─── GIVEN INFORMATION

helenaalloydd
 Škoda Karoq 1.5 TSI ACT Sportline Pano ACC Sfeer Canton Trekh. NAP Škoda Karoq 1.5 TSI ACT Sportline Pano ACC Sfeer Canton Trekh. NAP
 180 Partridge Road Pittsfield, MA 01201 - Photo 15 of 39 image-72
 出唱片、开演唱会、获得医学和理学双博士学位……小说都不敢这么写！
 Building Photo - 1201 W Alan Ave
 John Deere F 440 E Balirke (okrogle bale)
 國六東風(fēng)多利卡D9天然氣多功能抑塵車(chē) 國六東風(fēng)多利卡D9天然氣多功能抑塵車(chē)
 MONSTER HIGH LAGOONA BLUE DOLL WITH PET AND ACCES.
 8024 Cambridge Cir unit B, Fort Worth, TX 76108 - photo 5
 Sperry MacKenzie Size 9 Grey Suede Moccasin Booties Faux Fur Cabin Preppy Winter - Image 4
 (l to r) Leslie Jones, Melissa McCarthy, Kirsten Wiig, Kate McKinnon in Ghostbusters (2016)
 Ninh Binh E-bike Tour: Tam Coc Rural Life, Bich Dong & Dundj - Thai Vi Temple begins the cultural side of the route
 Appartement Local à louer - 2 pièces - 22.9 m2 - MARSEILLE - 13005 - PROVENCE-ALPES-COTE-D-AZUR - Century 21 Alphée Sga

──────

> **TASK TO COMPLETE**: Each line from the one with "(l to r) Leslie" through the last line of the records must be written out word for word. Include nothing else.

> **RESULT OF THE TASK**:
 (l to r) Leslie Jones, Melissa McCarthy, Kirsten Wiig, Kate McKinnon in Ghostbusters (2016)
 Ninh Binh E-bike Tour: Tam Coc Rural Life, Bich Dong & Dundj - Thai Vi Temple begins the cultural side of the route
 Appartement Local à louer - 2 pièces - 22.9 m2 - MARSEILLE - 13005 - PROVENCE-ALPES-COTE-D-AZUR - Century 21 Alphée Sga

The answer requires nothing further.